[Instructions to follow]: In the entries below, begin at the line that has "WI license plate 035YEH" and stop after the line that has "Glühendäugiger Kürbis Frohes"; output those lines exactly, leaving out pictures.

[Input]:
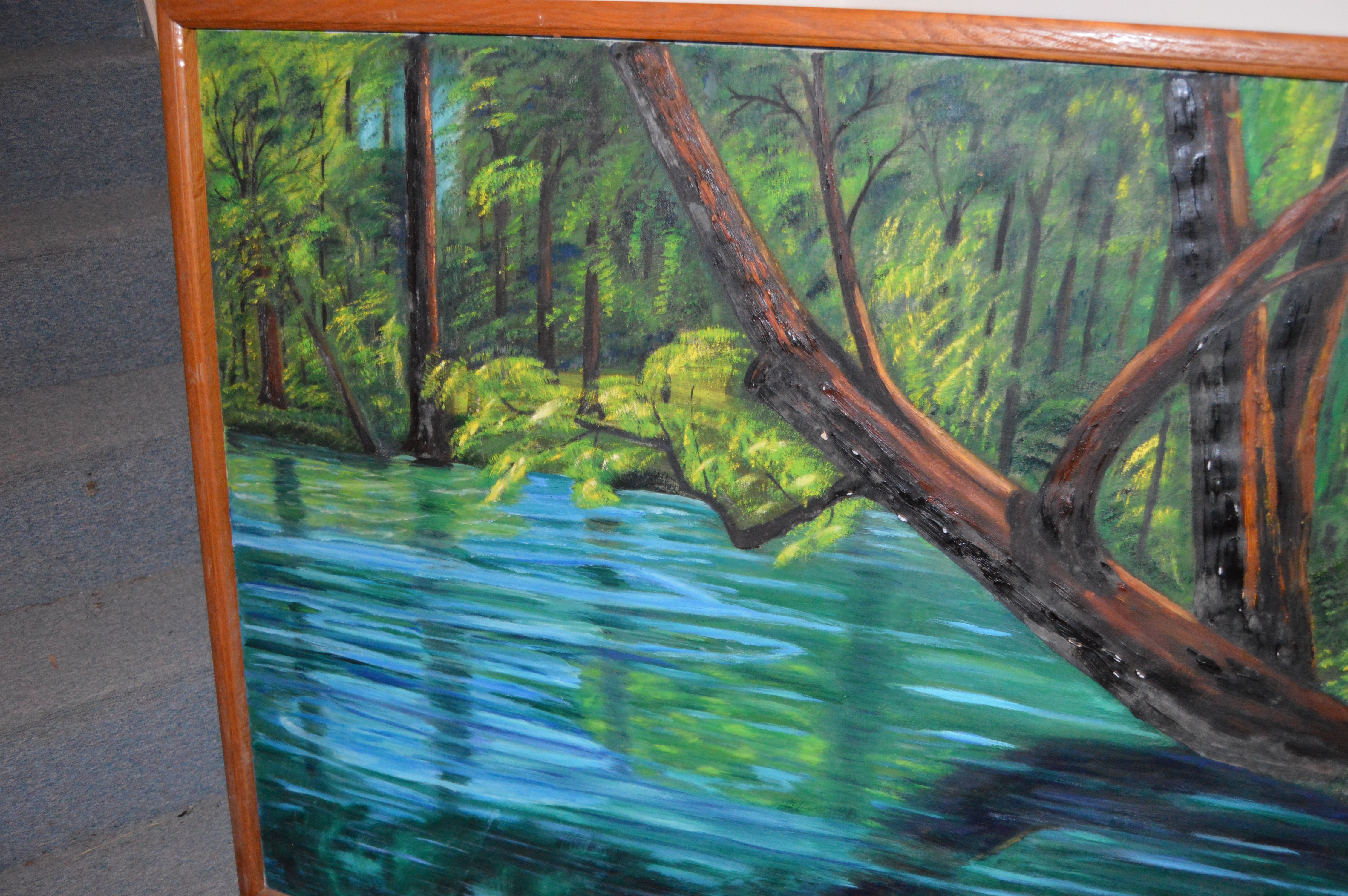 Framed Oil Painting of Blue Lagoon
* * *
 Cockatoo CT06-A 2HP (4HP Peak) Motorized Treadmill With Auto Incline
==
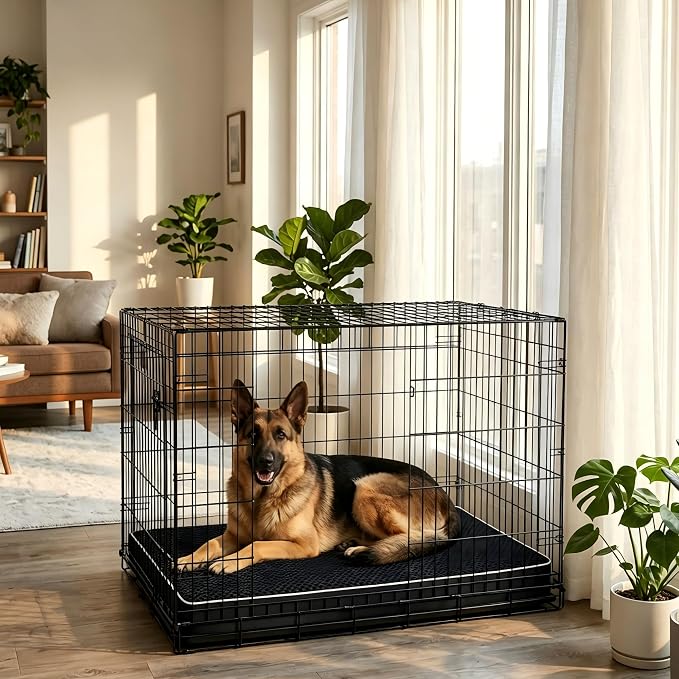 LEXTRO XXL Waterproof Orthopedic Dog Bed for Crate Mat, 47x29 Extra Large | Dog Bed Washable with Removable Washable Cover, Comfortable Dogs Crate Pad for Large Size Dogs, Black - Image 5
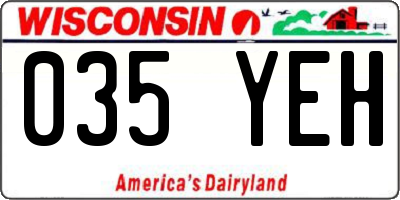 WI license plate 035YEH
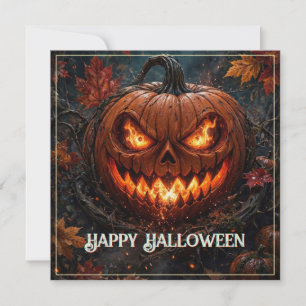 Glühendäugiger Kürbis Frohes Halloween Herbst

[Answer for the task]:
 WI license plate 035YEH
 Glühendäugiger Kürbis Frohes Halloween Herbst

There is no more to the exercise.